In the last few months, price of newsprint have shot up nearly 40% and is being sold at more than Rs 35000 per tonne. This augurs well for Rama Paper (23.00) as it derives nearly 60% revenue from newsprint segment. Its 6 MW co-generation captive power plant is fully operational now. Further company has undertaken expansion project of putting MG Machine to manufacture Tissue / Poster Paper thru a capex of Rs 24 cr. In the last two years, promoter have infused more than Rs 15 cr of their own money by taking preferential allotment of 45 lac equity shares @ 35 Rs per share.
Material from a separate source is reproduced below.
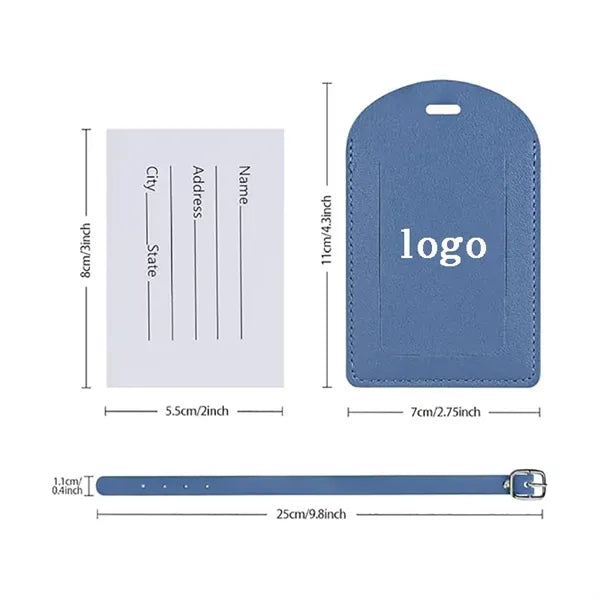 Adjustable Lanyard PU Boarding Pass Holder with Luggage Tag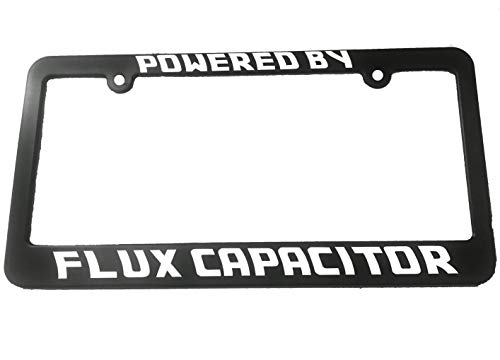 Powered by the Flux Capacitor Black License Plate Frame Holder Car Auto Accessories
However, despite 500 basis point improvement in operating margin, company reported flat numbers for FY08 due to substantial increase in interest & depreciation cost. Its sales and PBT remained flat at Rs 84.50 cr and Rs 8 cr respectively. But, on the back of lower tax provisioning its PAT was up 90% to Rs 7 cr posting an EPS of Rs 7 for FY08. It is expected to declare 10% dividend which means a good yield at CMP. Buy at sharp declines.